Могла бы такая жизнь плыть себе привольно и широко, как Неман, полноводный здесь, в среднем течении. Могла б…
В мареве виднеются поросшие лозняком берега. Еще великие князья литовские, должно быть, держали в этом месте переправу на пути из Вильно в Волковыск и Берестье, а люди, что охраняли и обслуживали княжескую переправу, названы были княжеводцами.
О том давнем-предавнем мало кто помнит. Рассказывают, люди были поновее.
Ходит в околице предание о соборе в совсем недалекой, тоже большой, деревне Дубно, которая в войну уцелела. Огромный, громоздкий собор этот посматривает провалинами ржавых куполов и не может сообразить, что же произошло. Были на виду у него большие Княжеводцы, и пошли они дымом, нету их. Звучала зычными колоколами божеская, царская, панская власть, воля понад Неманью, но смолкла. Таинственно устроен мир, чудом построен здесь и сам он, этот собор. Говорят, царь приказал возвести Храм в украинском городе Дубно, а исполнители его воли что-то перепутали, переиначили повеление, прилепили его к одноименной белорусской деревне. Тут действовала в Наднеманье, как и всюду на свете, и другая, светлая, добрая воля — воля жизни. Она исходила от земли, от людей труда, от потребности творения, воплощала жизнь и свободу, была их разумным проявлением. Под влиянием животворящей силы света и свободы, стремления к ним, рождались и здесь, в очаровательном уголке Наднеманья, крестьянские поэты. Как жаворонки над нивой, они пели гимн жизни и творению, звали наднеманцев призывом Янки Купалы «людьми зваться». Не далеко зашли голоса этих певцов, но напевы их здешние люди слышат, как слышит человек удары собственного сердца. Поблизости от этих мест звучало в дни неволи и борьбы сердечное, скромное и острое слово поэта Михася Василька, а несколько ниже по Неману и значительно раньше по времени здесь среди угнетенных белорусских крестьян находила бессмертные образы благородная полька Элиза Ожешко.

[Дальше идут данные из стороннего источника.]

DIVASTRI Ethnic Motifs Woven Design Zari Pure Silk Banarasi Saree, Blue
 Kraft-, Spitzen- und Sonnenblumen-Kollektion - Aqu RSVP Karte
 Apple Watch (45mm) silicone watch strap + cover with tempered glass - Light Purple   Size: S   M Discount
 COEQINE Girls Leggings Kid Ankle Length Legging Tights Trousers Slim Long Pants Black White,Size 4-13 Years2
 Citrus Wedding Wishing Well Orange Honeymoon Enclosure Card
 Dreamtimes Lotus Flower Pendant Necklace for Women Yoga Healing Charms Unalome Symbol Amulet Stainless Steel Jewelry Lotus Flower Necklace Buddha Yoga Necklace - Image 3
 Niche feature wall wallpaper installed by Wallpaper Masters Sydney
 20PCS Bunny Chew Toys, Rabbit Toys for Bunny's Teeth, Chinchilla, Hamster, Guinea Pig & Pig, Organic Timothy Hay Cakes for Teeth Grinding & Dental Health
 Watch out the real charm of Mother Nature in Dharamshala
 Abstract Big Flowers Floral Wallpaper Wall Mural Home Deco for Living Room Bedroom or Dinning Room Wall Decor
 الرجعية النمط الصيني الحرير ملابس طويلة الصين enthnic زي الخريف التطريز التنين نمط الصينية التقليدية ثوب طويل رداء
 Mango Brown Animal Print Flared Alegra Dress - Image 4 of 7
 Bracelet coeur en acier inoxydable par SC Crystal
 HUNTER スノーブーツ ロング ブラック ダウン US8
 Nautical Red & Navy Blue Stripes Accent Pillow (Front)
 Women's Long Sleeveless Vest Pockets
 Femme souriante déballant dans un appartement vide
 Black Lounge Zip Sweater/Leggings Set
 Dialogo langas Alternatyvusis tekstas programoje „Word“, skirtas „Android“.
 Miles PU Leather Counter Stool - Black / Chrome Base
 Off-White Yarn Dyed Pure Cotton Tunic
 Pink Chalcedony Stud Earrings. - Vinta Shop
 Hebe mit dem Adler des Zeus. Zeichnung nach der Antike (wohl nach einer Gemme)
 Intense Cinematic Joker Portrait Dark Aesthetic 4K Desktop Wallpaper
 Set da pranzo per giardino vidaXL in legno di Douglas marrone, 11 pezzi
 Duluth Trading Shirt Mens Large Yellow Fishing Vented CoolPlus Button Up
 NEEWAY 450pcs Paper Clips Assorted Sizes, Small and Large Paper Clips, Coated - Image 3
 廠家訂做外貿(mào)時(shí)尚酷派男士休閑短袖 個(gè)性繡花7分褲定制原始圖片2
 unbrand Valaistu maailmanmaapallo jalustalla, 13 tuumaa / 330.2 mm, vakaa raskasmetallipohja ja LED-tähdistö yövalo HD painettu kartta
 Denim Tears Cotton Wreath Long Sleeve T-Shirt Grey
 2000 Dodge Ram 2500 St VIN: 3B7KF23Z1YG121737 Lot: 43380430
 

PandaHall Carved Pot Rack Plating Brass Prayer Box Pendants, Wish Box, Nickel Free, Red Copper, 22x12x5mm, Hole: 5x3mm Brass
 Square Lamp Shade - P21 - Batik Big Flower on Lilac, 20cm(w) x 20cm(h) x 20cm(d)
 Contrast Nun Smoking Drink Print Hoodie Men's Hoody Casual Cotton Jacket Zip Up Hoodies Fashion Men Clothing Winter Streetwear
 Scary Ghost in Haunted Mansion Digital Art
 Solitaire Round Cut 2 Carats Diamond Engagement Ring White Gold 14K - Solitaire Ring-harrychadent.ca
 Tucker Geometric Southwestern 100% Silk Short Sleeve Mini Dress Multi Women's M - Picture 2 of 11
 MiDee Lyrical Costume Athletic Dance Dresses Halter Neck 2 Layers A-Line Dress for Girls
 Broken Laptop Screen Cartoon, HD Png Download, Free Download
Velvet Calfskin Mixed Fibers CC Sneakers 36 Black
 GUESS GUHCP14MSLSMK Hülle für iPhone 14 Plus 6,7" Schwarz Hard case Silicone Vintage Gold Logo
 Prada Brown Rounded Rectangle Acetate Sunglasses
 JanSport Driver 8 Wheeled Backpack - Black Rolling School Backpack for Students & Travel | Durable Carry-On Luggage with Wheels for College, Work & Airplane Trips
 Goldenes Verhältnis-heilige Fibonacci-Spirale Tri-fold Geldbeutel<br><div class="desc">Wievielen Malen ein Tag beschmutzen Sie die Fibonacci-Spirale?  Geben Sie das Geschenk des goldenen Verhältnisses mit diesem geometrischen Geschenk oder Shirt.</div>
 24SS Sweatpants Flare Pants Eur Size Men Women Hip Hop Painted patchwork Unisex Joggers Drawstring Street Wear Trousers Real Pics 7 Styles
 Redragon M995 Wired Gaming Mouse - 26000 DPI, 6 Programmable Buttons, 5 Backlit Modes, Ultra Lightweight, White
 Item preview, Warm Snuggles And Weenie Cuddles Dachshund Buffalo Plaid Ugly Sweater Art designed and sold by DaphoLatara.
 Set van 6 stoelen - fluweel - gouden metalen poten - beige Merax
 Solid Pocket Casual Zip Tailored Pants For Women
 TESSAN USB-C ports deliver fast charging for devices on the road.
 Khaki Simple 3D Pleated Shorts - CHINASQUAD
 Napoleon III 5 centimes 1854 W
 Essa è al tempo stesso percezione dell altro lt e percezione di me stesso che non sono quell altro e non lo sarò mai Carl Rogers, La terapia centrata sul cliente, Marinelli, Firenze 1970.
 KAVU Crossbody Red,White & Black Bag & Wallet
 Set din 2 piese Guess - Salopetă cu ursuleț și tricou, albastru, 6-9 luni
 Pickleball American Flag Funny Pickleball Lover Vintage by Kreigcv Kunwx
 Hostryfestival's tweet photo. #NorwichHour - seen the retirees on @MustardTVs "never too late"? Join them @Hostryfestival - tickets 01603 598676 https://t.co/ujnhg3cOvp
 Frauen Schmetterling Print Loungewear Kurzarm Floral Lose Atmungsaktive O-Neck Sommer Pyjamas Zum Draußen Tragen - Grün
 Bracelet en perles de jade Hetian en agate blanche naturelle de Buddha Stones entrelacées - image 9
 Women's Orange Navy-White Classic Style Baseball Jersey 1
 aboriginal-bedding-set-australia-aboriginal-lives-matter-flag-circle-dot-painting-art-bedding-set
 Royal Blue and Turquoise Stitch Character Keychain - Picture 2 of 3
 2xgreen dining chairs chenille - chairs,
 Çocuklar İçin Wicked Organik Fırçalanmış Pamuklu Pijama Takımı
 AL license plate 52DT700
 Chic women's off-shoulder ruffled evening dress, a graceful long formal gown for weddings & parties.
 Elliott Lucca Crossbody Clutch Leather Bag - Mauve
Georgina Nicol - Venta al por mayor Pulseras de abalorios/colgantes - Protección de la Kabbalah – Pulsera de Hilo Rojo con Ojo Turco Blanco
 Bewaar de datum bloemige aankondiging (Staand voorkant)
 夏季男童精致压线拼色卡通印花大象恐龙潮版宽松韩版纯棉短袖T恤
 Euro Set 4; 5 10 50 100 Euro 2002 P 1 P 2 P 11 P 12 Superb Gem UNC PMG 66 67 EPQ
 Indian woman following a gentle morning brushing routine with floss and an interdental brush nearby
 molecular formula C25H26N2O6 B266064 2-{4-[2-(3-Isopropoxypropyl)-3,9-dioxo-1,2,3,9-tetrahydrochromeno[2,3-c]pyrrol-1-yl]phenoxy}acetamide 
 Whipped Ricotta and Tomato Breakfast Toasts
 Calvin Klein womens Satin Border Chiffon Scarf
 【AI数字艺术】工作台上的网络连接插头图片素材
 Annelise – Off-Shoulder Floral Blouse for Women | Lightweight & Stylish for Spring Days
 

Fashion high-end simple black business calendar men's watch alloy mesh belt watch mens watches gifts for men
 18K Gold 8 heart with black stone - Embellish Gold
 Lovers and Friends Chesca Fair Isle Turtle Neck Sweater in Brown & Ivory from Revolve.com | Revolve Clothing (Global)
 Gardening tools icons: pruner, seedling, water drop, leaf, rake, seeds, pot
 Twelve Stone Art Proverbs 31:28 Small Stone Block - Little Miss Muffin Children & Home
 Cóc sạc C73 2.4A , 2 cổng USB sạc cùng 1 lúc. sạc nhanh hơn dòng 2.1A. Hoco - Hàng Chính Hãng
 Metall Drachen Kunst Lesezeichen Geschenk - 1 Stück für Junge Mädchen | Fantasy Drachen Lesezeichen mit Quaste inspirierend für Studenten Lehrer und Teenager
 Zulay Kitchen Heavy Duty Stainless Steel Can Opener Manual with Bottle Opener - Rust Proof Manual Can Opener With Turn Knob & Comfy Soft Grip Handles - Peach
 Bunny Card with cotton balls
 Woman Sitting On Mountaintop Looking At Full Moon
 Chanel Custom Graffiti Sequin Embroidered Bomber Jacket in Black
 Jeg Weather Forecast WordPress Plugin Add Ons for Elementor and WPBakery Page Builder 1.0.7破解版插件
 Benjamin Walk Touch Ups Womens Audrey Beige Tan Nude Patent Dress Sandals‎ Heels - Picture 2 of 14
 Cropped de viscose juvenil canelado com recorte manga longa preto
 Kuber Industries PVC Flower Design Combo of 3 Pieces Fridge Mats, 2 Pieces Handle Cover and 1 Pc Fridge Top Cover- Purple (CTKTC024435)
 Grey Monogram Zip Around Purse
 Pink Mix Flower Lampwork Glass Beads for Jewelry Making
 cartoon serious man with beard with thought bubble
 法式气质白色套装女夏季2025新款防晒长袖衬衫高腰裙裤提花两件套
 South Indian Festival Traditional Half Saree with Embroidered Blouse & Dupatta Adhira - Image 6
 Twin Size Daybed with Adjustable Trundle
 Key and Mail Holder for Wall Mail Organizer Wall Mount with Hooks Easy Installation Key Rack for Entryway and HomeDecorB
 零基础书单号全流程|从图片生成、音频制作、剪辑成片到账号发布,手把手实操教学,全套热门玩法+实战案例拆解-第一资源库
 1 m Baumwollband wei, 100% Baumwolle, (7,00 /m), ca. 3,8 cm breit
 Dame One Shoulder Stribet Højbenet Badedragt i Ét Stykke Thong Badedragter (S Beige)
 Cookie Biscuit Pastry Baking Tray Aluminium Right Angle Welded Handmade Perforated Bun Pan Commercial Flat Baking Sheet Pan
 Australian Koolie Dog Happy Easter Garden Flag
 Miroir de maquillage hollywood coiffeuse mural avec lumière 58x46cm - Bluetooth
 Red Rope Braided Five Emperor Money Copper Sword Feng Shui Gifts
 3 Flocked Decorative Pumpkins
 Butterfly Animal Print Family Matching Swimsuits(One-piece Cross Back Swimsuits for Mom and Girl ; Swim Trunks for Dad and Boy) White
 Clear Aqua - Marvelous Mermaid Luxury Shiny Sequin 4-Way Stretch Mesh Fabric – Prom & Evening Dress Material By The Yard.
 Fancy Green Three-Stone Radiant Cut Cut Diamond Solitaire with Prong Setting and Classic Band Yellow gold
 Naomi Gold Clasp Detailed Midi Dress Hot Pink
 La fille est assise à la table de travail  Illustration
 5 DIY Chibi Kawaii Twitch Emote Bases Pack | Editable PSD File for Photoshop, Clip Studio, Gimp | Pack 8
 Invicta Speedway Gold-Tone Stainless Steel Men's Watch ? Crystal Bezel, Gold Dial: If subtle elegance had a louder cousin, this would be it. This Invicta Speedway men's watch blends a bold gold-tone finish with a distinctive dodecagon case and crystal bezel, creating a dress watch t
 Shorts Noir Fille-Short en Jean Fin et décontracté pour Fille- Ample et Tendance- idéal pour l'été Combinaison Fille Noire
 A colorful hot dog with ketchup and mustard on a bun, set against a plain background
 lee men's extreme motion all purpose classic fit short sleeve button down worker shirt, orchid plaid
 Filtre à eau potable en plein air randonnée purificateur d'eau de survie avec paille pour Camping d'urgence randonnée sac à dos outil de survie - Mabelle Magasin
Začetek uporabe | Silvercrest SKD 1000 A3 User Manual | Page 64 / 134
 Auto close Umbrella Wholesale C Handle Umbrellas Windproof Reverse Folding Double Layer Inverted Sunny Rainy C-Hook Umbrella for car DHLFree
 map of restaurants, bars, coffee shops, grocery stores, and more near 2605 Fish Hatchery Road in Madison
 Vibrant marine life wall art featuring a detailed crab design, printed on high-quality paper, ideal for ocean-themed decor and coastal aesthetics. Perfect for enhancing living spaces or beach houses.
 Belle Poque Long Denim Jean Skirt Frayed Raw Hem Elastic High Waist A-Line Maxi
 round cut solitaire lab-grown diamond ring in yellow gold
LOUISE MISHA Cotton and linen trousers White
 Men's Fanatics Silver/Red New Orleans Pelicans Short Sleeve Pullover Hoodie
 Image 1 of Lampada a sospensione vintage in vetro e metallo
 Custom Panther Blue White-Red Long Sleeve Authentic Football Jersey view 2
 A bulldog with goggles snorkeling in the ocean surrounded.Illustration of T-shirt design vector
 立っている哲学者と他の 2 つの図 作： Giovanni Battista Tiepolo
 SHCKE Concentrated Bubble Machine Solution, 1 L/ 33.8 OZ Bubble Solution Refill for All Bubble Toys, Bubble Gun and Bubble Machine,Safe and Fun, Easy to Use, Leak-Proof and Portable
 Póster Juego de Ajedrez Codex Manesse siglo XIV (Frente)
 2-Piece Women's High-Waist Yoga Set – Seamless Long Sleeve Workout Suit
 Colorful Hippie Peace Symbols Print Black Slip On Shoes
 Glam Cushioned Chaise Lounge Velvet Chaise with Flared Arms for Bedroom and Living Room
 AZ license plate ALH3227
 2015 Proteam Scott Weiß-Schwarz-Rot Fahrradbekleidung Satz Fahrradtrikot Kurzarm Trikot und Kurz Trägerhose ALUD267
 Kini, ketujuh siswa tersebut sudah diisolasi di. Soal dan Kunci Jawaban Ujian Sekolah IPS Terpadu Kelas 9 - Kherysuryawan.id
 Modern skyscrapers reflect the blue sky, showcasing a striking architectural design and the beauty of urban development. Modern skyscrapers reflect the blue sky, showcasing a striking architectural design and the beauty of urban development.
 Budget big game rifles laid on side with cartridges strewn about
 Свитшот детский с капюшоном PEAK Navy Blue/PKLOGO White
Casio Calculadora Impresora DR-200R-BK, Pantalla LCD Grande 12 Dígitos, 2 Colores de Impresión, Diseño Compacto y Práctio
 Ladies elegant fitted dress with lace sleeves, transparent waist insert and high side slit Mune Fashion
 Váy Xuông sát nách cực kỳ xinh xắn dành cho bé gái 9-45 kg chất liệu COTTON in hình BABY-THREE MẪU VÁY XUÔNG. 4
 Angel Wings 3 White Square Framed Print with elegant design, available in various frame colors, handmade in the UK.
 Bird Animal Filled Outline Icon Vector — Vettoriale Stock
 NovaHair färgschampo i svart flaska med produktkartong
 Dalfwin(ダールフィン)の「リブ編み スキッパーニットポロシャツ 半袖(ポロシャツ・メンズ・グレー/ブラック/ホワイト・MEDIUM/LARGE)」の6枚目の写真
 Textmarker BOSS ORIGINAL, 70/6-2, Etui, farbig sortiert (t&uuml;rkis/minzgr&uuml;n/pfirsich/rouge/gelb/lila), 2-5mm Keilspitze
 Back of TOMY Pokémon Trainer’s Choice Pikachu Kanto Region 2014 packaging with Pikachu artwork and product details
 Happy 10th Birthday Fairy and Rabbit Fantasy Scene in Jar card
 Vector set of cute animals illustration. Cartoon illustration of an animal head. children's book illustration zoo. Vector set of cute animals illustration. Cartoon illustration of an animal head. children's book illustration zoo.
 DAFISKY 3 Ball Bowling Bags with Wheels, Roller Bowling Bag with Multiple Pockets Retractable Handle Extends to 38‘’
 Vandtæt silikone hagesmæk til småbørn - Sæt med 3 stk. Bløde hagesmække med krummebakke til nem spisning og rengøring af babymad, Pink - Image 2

На краю земли, которую засевали жители Княжеводцев, в хлебной долине за сосенником, уцелели три хутора. На отшибе от бывшей деревни.
Вот присел у могильного памятника Сымон Иванович Кая. Сосредоточенно кладет он бронзу на высеченные в бетоне традиционные буквы «3. П.» — «Здесь покоится». Эта работа стала после фашистского погрома как бы новой профессией земледельца. Есть что-то символически жуткое в этом сочетании случайностей. Крестьянин, хозяин, который чудом обошел свою смерть, пережил смерть родных и близких, никак не может уйти от присутствия смерти… Она — рядом.
Однако не она диктует ему слова «Здесь покоится», не она приказывает высекать извечное «3. П.». Диктует жизнь, потому что ей принадлежит память. Что думает старый поденщик жизни в долгие дни медлительно-кропотливой работы? Что думает о тех, чью память сохраняет золочеными буквами? Разве что рассказывает теням и этим камням события того дня, который отделил его от живых и не соединил с умершими.
«…Тогда я, знаете, — рассказывает он, — пришел со Свадьбы, из Сухинич, и лег спать на сеновале. В эту ночь я как-то плохо спал. Стало только немного светать, и я поднялся. Пришел, постучал в окно, но жена спала крепко, еле добудился. Вошел в хату, уже немного развиднелось. Жена вышла во двор, а я еще все хожу по хате. Известно, со свадьбы, в голове шумит… Дочка, семнадцать лет, спала на одной кровати, вторая — на другой…
27
Фарзухан (искаж. нем. versuchen) — попытаться, здесь — искать.